Quant aux réflexions de l’ÖGB sur l’appropriation publique de moyens de production, totale dans le cas des secteurs nécessaires à l’existence, moindre dans le reste de l’économie, elles demeurent certes par trop modestes mais peuvent constituer un point d’appui pour les forces révolutionnaires en élargissant ses implications et en poussant plus loin la critique du taux de profit. Notre proposition de pôles publics permet aussi de penser plus loin l’articulation des entreprises pleinement et partiellement dans les mains de la puissance publique en les articulant à de nos pouvoirs pour les salarié·es de ces entreprises mais aussi pour les usagères et usagers, afin que leur production soit cohérente et au service des besoins sociaux démocratiquement déterminés.


[1] L’auteur de ces lignes a pu assister à une partie de ce congrès. Les éléments de cet article reprennent ceux d’un article plus long et à destination d’un public (inter-)syndical. Il chercher à présenter l’intérêt et les limites des avancées doctrinales de l’ÖGB pour le mouvement communiste. Pour une version plus détaillée, voir Kevin Guillas-Cavan, « Le 20ème congrès de l’ÖGB, vers une prise en compte de la « double besogne » autour de la question du changement climatique ? », Chronique internationale de l’Ires, n° 183, à paraître.

[2] Voir par exemple la contribution de Vera Glassner et Julia Hofmann « Austria: Trade unions in a world of “contested stability”? », parue dans l’ouvrage dirigé par Jeremy Waddington, Torsten Müller et Kurt Vandaele, Trade unions in the European Union: Picking up the pieces of the neoliberal challenge, Bruxelles, Peter Lang, qui constitue une somme remarquable sur la situation des syndicats dans les 27 pays de l’UE que l’on espère voir rapidement traduite en français.
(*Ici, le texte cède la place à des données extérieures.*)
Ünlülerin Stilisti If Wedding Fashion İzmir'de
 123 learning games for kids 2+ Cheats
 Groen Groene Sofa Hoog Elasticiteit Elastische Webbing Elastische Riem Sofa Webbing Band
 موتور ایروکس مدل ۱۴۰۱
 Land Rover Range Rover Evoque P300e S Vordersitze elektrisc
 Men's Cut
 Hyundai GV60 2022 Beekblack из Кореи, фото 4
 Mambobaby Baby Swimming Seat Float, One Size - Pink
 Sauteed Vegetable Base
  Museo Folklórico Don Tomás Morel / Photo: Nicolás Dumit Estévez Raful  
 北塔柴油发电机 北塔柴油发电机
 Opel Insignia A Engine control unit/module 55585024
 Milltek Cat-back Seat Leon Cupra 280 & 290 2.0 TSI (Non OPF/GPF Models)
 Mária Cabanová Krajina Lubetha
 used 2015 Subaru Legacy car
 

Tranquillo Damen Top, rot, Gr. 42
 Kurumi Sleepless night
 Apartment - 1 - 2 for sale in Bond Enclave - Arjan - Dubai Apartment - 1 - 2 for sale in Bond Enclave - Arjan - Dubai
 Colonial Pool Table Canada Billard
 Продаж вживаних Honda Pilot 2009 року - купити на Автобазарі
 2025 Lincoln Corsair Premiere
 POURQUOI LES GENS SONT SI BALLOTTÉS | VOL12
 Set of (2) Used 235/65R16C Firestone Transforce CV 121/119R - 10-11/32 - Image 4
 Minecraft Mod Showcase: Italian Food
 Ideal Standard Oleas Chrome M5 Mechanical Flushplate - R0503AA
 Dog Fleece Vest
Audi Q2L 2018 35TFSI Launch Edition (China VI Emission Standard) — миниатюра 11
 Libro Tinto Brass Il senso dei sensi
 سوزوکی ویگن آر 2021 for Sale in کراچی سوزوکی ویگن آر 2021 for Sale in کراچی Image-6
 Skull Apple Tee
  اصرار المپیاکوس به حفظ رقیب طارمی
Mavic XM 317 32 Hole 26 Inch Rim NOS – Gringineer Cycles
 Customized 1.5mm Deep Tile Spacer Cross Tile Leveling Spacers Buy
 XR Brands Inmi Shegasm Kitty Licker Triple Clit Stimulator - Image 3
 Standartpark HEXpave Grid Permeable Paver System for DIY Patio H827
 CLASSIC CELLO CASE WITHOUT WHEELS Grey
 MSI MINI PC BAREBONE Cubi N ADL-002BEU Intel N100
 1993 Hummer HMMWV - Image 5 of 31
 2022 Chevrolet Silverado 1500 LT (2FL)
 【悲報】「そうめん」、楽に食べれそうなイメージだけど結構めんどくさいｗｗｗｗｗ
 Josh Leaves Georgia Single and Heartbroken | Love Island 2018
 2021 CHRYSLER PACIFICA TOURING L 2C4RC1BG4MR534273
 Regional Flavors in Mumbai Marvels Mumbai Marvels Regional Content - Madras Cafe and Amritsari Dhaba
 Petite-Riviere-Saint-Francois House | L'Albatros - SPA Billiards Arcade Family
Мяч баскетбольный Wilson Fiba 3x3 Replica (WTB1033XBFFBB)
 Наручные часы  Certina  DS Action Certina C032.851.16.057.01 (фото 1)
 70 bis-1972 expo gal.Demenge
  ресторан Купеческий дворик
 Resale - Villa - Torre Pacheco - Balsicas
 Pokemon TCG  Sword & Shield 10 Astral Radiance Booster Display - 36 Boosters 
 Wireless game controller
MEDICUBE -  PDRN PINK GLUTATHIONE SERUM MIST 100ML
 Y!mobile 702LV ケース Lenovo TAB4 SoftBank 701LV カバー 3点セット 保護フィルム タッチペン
La version anglaise est disponible gratuitement en ligne sur le site de l’European Trade Union Institute.

[3] Cette situation n’est pas sans créer des tensions au sein de l’ÖGB, notamment portées par les fédérations des services et des services publics. Sur cette question, voir Kevin Guillas-Cavan, « Autriche – Pas de raison de se retenir dans la négociation salariale », Chronique internationale de l’Ires, 2022, n° 180, p. 101-122, disponible gratuitement en ligne.

[4] Sur ce point, voir l’article de Michael Graber, dans ce numéro.

[5] Sur cette question, voir Udo Rehfeldt, « Le congrès de Vienne de la CES : une confédération plus unie mais avec moins d’adhérents », Chronique internationale de l’Ires, 2019, n° 167, p. 37-49, disponible gratuitement en ligne.

[6] Sur ce point, voir Kevin Guillas-Cavan, « Le logement social à Vienne : un modèle original à la croisée des chemins », Chronique internationale de l’Ires, n° 173, p. 17-32.